_Activity_
When you reach the line containing "Piedmont Natural Gas" in the entries below, begin reproducing lines exactly, and stop once the line containing "ネイル 春ネイル Nailsalon AMAのネイルデザイン" is done.

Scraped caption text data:
___

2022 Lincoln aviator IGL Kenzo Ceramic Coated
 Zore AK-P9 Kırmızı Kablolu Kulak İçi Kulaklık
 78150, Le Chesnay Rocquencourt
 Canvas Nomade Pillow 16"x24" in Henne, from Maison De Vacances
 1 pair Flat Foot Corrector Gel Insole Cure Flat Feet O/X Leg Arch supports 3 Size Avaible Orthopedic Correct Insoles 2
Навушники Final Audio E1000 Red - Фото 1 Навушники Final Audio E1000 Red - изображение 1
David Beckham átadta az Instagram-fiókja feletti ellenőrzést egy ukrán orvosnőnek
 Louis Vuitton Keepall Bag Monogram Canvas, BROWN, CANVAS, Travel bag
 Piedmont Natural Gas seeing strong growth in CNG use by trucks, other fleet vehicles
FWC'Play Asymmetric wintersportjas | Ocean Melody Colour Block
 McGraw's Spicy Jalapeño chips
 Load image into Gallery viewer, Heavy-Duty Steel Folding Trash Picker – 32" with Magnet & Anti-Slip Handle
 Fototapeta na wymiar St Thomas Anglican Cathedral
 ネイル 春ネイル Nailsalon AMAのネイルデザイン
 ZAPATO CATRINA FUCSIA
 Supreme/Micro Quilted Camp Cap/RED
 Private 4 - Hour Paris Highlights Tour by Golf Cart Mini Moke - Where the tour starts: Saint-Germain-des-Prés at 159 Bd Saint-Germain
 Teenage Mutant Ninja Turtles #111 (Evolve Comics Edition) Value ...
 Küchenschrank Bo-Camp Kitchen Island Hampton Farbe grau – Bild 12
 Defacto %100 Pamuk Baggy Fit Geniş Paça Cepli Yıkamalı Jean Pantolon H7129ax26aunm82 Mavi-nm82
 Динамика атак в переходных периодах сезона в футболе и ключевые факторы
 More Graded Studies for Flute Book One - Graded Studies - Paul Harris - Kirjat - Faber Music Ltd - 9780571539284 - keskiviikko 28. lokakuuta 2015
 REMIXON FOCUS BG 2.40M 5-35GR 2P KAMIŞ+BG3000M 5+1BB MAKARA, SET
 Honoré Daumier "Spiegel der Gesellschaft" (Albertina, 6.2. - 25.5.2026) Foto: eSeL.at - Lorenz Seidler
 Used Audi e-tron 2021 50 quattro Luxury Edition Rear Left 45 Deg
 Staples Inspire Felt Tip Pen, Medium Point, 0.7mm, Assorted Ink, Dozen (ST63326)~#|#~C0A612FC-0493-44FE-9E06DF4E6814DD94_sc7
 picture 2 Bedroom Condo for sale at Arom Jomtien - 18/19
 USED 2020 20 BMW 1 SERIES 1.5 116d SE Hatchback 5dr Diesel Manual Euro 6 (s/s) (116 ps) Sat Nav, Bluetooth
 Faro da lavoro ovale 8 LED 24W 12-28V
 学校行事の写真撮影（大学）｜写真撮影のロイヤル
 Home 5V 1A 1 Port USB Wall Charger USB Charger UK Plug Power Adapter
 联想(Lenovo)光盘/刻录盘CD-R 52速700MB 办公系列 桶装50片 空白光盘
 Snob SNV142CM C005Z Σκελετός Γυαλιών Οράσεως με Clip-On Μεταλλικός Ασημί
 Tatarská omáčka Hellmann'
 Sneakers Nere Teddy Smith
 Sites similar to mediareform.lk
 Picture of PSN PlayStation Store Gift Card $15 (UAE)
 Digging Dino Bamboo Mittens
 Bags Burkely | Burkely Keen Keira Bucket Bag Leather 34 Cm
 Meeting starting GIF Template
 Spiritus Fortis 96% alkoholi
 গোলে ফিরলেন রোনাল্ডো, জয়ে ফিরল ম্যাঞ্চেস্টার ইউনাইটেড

___

_Answer box_
 Piedmont Natural Gas seeing strong growth in CNG use by trucks, other fleet vehicles
FWC'Play Asymmetric wintersportjas | Ocean Melody Colour Block
 McGraw's Spicy Jalapeño chips
 Load image into Gallery viewer, Heavy-Duty Steel Folding Trash Picker – 32" with Magnet & Anti-Slip Handle
 Fototapeta na wymiar St Thomas Anglican Cathedral
 ネイル 春ネイル Nailsalon AMAのネイルデザイン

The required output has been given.